Thirty years ago, City Care began as a simple pancake breakfast hosted by a handful of friends who shared a foundational belief: every person deserves dignity, stability, and a place to sleep at night.
In the decades since, the organization has become a steady presence for Oklahomans experiencing homelessness and housing instability, offering safety, dignity, and compassionate care at moments of profound vulnerability. City Care has walked alongside thousands of neighbors who are too often overlooked, witnessing stories of resilience, rebuilding, and restoration. Although its strategies have evolved over time, the mission has remained rooted in a steadfast belief in the intrinsic value of every person and a commitment to creating spaces where lives that have gotten off course can be restored.
Today, City Care serves the Oklahoma City metro, Norman, and soon additional communities across the state. Each program addresses the root causes of homelessness while building the safety net people need right now. Through proven solutions including low-barrier emergency shelters, supportive services, and affordable housing, the organization provides both immediate help and long-term stability for some of the community’s most vulnerable neighbors.
City Care’s core programs include Homeless Services, Supportive Communities, and the forthcoming Medical Respite Care program.
For individuals and families in immediate need of shelter, City Care operates night shelters that collectively provide more than 190 beds along with warm meals, clothing, hygiene items, transportation to partner agencies, access to case management, and other emergency supports. Its low-barrier approach ensures that guests can stay for one night or one hundred nights, without program prerequisites or requirements for entry.
While emergency shelter is not the ultimate goal, it is often a critical first step toward stable housing, security, and holistic well-being. Shelter teams prioritize learning names, listening to stories, building trust, and connecting guests to resources as individuals work courageously toward a better future.
Beyond emergency shelter, City Care’s supportive housing programs reflect the belief that stable, affordable housing is foundational to breaking the cycle of homelessness and improving health outcomes. The organization owns and maintains over 112 units of affordable supportive housing, with additional units in development, serving neighbors ready to transition into permanent housing with ongoing support.
Case managers and advocate teams work alongside residents to help them remain stably housed by strengthening life skills, increasing income, addressing health needs, and rebuilding healthy support systems. Many residents move from homelessness into peer-supported communities where they are empowered to use their lived experience to encourage and uplift others, and to pursue whatever their goals may be.
Looking ahead, City Care is advancing a $13.5 million capital campaign, having raised $6.2 million to date, to address two urgent and interconnected needs: safe medical recovery for neighbors discharged into homelessness and expanded access to affordable permanent housing.
As part of this effort, City Care will open Oklahoma’s first Medical Respite Shelter, a 40-bed facility designed for individuals who are too ill or medically fragile to recover on the streets or in traditional shelters but do not require hospitalization. Medical respite provides short-term residential healing paired with connections to ongoing medical care, housing, and supportive services, offering rest and dignity during critical moments of recovery.

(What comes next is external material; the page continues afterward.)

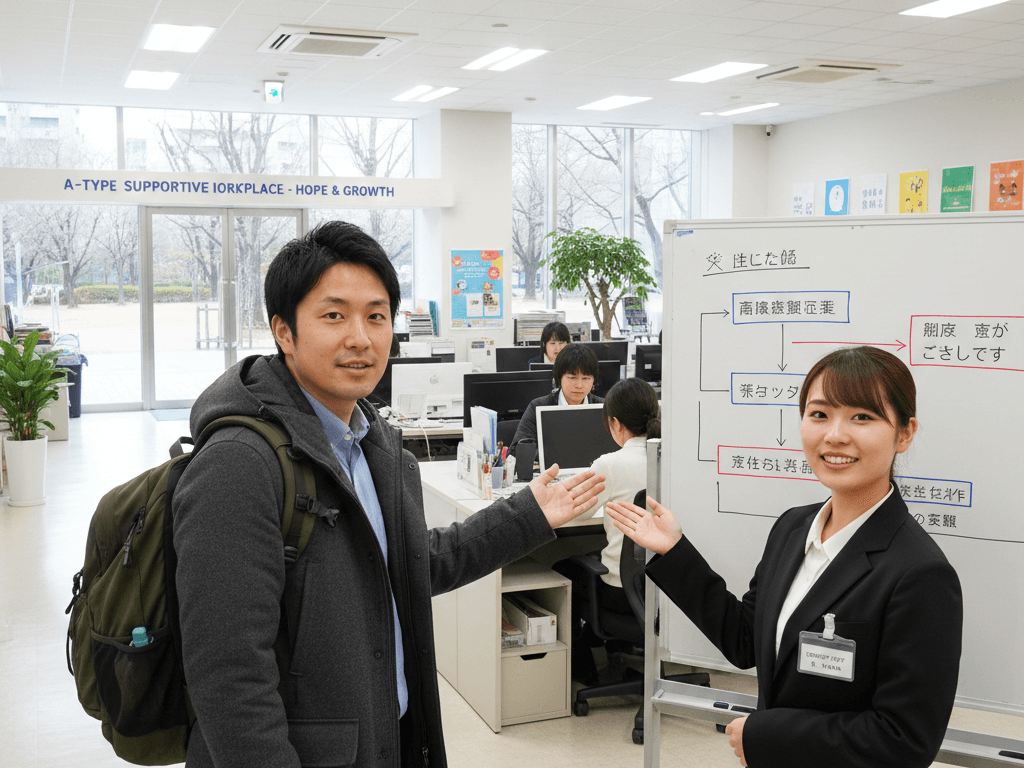 まとめ:就労支援は「選ぶ時代」へ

The need for this care is significant. Between 2020 and 2022, nearly 13,000 Oklahomans were discharged from hospitals into homelessness, with more than 7,300 of those discharges occurring within one hour of City Care’s Oklahoma City campus. Many shelter guests manage chronic health conditions, mental illness, or substance use disorders. Without a safe place to recover, they often cycle between the streets and emergency rooms. By offering appropriate, dignified care, the Medical Respite Center will reduce strain on emergency systems while helping neighbors heal and stabilize.
Alongside medical respite, City Care is expanding its supportive housing through the development of 27 new cost-effective and affordable quad units in the Westlawn Gardens neighborhoods. These homes will provide individuals and families with a foundation of stability, safety, and hope.

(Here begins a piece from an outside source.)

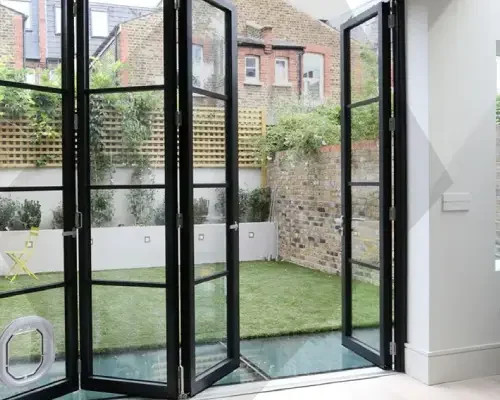 Commercial Bifold Doors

The need for affordable housing remains significant. The National Low Income Housing Coalition reports that Oklahoma faces a shortage of over 84,000 affordable housing units. In Oklahoma County alone, more than 18,000 eviction cases last year pushed over 9,100 families toward homelessness. And in Cleveland County last year 49% of the annual Point-In-Time count surveyed neighbors experiencing homelessness were living outdoors or in other places not intended for living or sleeping. Additionally, 72% of respondents reported living in Cleveland County prior to their experience of homelessness, and only 5% ( 6 people) reported coming from out of state.
For neighbors navigating medical challenges, mental illness, or the lasting impacts of trauma, the pathway to stability is often fragmented or inaccessible. Westlawn Gardens will help bridge that gap by pairing housing with supportive services that promote long-term success.
Together, these initiatives represent more than construction projects. They are intentional spaces of restoration and belonging. They are places where healing can begin and where neighbors are not defined by crisis, but supported toward a stable and hopeful future. City Care believes that homelessness is a community issue requiring a community response. The organization remains committed to its mission until every neighbor, in every community and in any condition, has a place to call home.
Restoring hope and building a community where everyone belongs together.
Every person deserves dignity, stability, and a place to sleep at night—a foundational belief that has guided us for thirty years.